+++ Data extracts

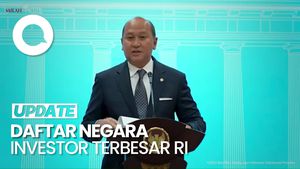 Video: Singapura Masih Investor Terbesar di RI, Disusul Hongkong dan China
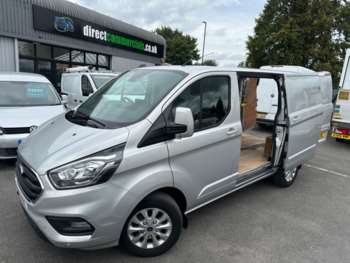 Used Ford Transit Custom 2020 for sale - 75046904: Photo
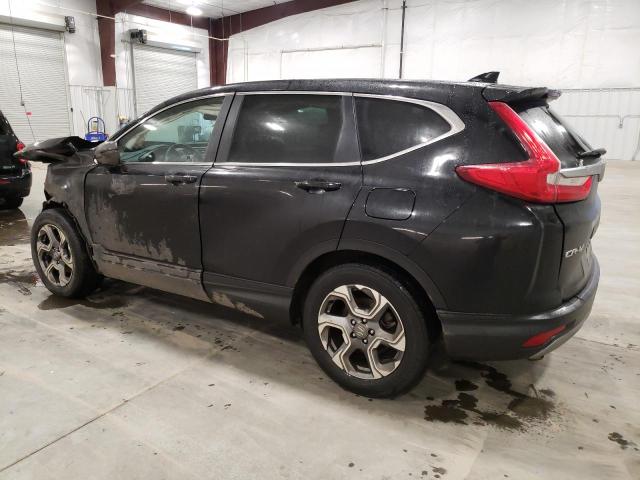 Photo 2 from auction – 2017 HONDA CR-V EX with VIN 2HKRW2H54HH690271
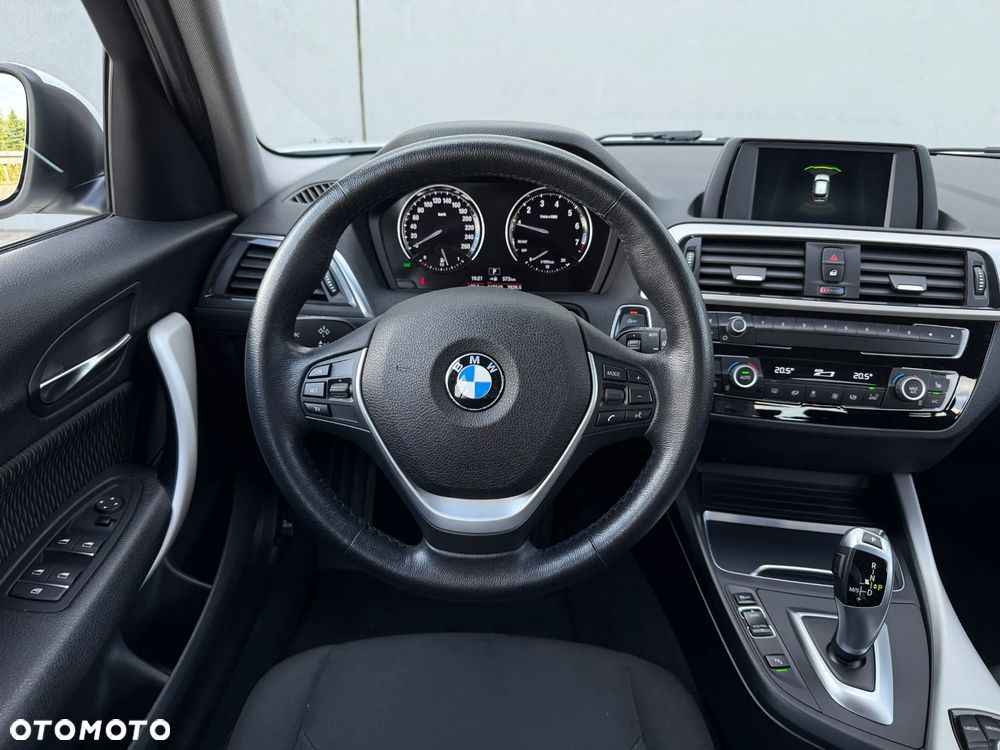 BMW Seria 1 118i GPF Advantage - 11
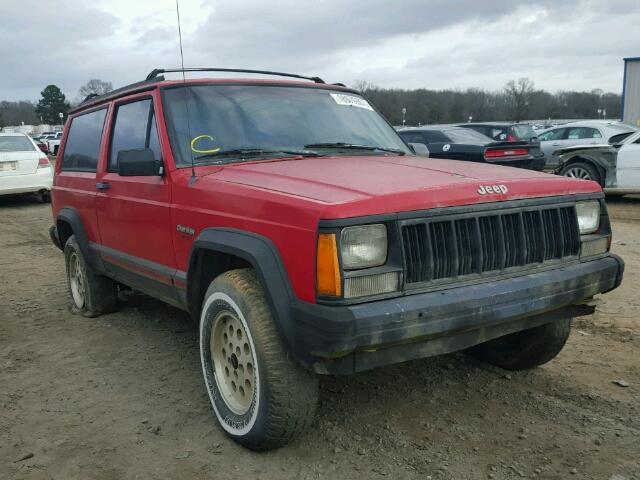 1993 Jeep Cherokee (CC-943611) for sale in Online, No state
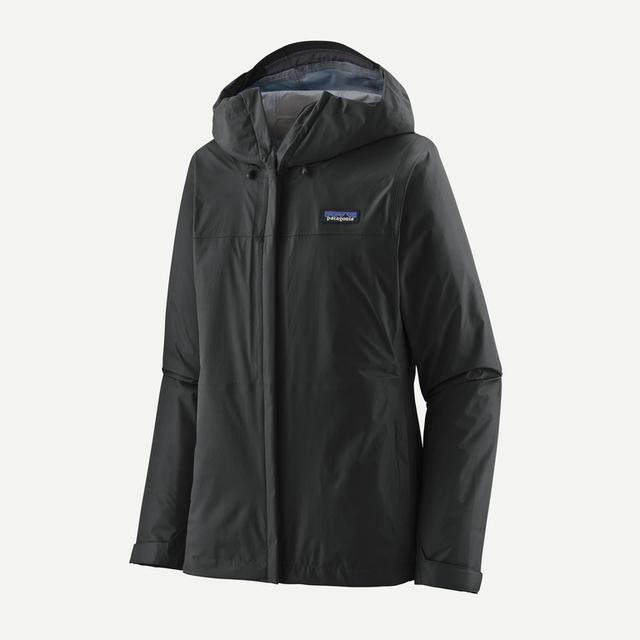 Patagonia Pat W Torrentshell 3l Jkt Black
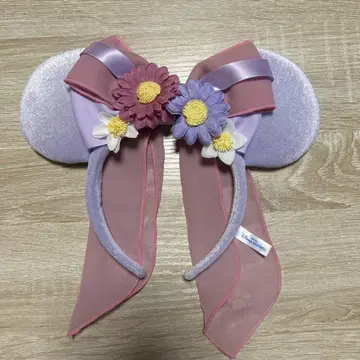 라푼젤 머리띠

++++++

## Required action
Leave out the pictures and return, exactly as written, only the lines from the line with "Patagonia Pat W Torrentshell 3l Jkt Black" through the end of the records above.

## Task output
 Patagonia Pat W Torrentshell 3l Jkt Black
 라푼젤 머리띠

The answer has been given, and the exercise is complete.